◆ **PROBLEM DESCRIPTION**: There is material below. Print exactly the lines starting at the line with "Adopt DAWN a Great Dane, Mixed Breed" and ending at the line with "Slender-billed Gull - ML644350034", ends included, and no others.

◆ **RECORDS SUPPLIED**:
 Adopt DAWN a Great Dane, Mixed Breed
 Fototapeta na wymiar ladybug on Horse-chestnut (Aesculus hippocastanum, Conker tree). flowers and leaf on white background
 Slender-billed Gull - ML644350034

---

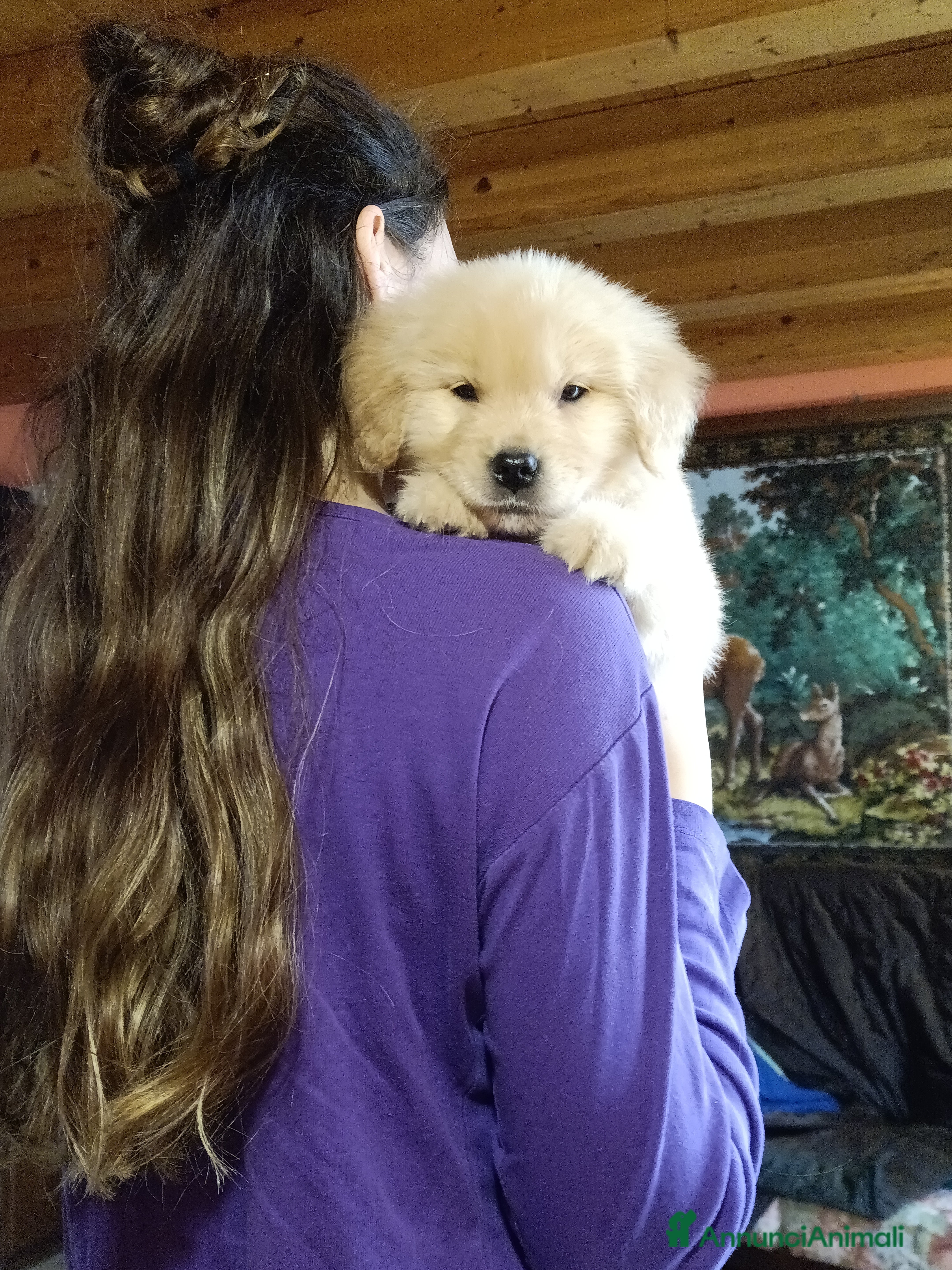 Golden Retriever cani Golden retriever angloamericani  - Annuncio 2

--

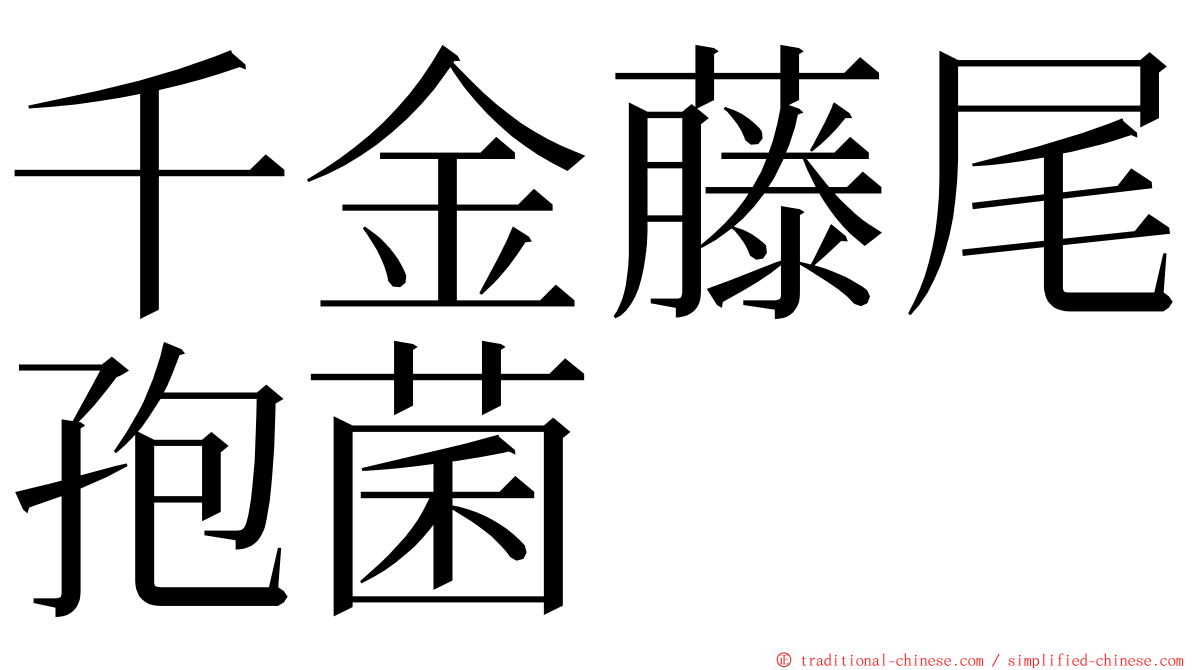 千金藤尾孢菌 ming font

◆ **EXERCISE RESULT**:
 Adopt DAWN a Great Dane, Mixed Breed
 Fototapeta na wymiar ladybug on Horse-chestnut (Aesculus hippocastanum, Conker tree). flowers and leaf on white background
 Slender-billed Gull - ML644350034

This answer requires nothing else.